Conway, III v. Warden Houk
Filing
72
OPINION AND ORDER : The Court GRANTS Petitioners motion for leave to file a second motion for discovery 64 . Respondent SHALL HAVE thirty (30) days to respond to that motion and Petitioner may have fifteen ( 15) d ays to reply. Petitioners motion to strike, ECF No. [ 62], is GRANTED. The clerk is DIRECTED toSTRIKE Petitioners motions ECF No. 59 , and Petitioners second motion for discovery, ECF No.[ 60]. Petitioners motion for an extension of time to file a motion for an evidentiary hearing, ECF No.[ 63], is GRANTED. Signed by Magistrate Judge Norah McCann King on 5/26/11. (rew)
IN THE UNITED STATES DISTRICT COURT
FOR THE SOUTHERN DISTRICT OF OHIO
EASTERN DIVISION
JAMES T. CONWAY, III,
Petitioner,
v.
Case No. 2:07-cv-947
JUDGE ALGENON L. MARBLEY
Magistrate Judge Norah McCann King
MARC C. HOUK, Warden,
Respondent.
OPINION AND ORDER
Petitioner, a prisoner sentenced to death by the State of Ohio, has pending before this
Court a habeas corpus action pursuant to 28 U.S.C. § 2254. This matter is before the Court on
Petitioner’s motion to stay filing and consideration of the motion for an evidentiary hearing
(ECF No. 59), Petitioner’s second motion for discovery (ECF No. 60), Petitioner’s unopposed
motion to strike (ECF No. 62), Petitioner’s motion for leave to file a second motion for
discovery (ECF No. 64), Respondent’s memorandum in opposition to Petitioner’s motion for
leave to file a second discovery motion (ECF No. 65), Respondent’s opposition to Petitioner’s
motions to stay and for discovery (ECF No. 66), and Petitioner’s reply memorandum in support
of his second motion for discovery (ECF No. 68).

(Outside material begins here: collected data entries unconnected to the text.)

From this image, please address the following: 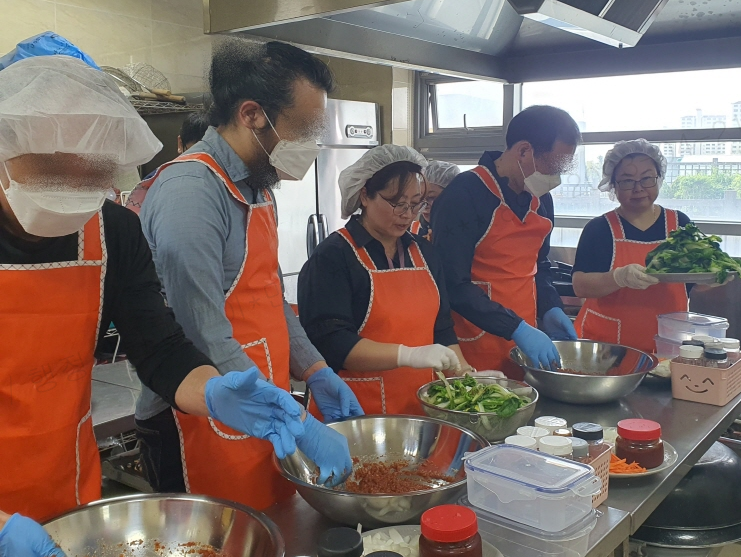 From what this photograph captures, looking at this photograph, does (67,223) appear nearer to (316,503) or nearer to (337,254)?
(316,503)

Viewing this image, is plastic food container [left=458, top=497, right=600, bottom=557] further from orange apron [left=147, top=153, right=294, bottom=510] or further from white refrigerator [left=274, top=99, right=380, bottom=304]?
white refrigerator [left=274, top=99, right=380, bottom=304]

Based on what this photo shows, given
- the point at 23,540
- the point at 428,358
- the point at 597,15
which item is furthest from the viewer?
Result: the point at 428,358

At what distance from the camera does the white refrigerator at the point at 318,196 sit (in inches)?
183

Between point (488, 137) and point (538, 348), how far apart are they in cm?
316

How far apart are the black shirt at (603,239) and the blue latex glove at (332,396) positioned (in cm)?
166

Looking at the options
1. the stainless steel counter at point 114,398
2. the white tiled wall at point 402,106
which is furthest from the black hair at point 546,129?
the white tiled wall at point 402,106

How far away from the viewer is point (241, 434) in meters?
1.72

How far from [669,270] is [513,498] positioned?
1.73 metres

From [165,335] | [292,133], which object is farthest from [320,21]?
[165,335]

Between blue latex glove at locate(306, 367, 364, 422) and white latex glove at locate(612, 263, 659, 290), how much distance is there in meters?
1.45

I. ECF NOS. 59, 60, 62, 66
The Court recently issued orders conditionally granting Petitioner’s motions to expand
the record with documents and materials uncovered during the course of discovery permitted by
this Court. (ECF Nos. 51, 55). The Court also directed Petitioner to file a motion for an
evidentiary hearing. (ECF No. 58). In light of his second motion for discovery, (ECF No. 60),
Petitioner requested a stay of the deadline for the filing of a motion for an evidentiary hearing.
(ECF No. 59). However, Petitioner has now moved to strike his own motion to stay and second
motion for discovery. (ECF No. 62). That motion to strike is unopposed. Petitioner explains
that, “[a]fter discussions with counsel for Respondent, it was mutually agreed that both motions
should be edited and resubmitted under different titles, [] which Conway is filing concurrently
with this motion.” (ECF No. 62, at 1.) For good cause shown, because Respondent does not
oppose the motion, and because no prejudice or undue delay are apparent, the Court concludes
that Petitioner’s motion is well taken.
Petitioner’s motion to strike, (ECF No. 62), is GRANTED. The Clerk is DIRECTED to
STRIKE Petitioner’s motion for leave to stay the filing of his motion for an evidentiary hearing,
(ECF No. 59), and Petitioner’s second motion for discovery, (ECF No. 60).
II. ECF NO. 63
The Court turns now to Petitioner’s motion for an extension of time to file a motion for
an evidentiary hearing. (ECF No. 63). Petitioner asks that the date for filing a motion for an
evidentiary hearing be extended until after the resolution of his motion for leave to file yet
another motion for discovery. Petitioner explains that, should he be granted leave to conduct
additional discovery, the expected additional information will be necessary to the Court’s
consideration of any motion for an evidentiary hearing. (ECF No. 63, at 4). Petitioner
represents that Respondent does not oppose the motion for an extension of time, but will oppose
any motion for leave to file another motion for discovery. (ECF No. 63, at 3).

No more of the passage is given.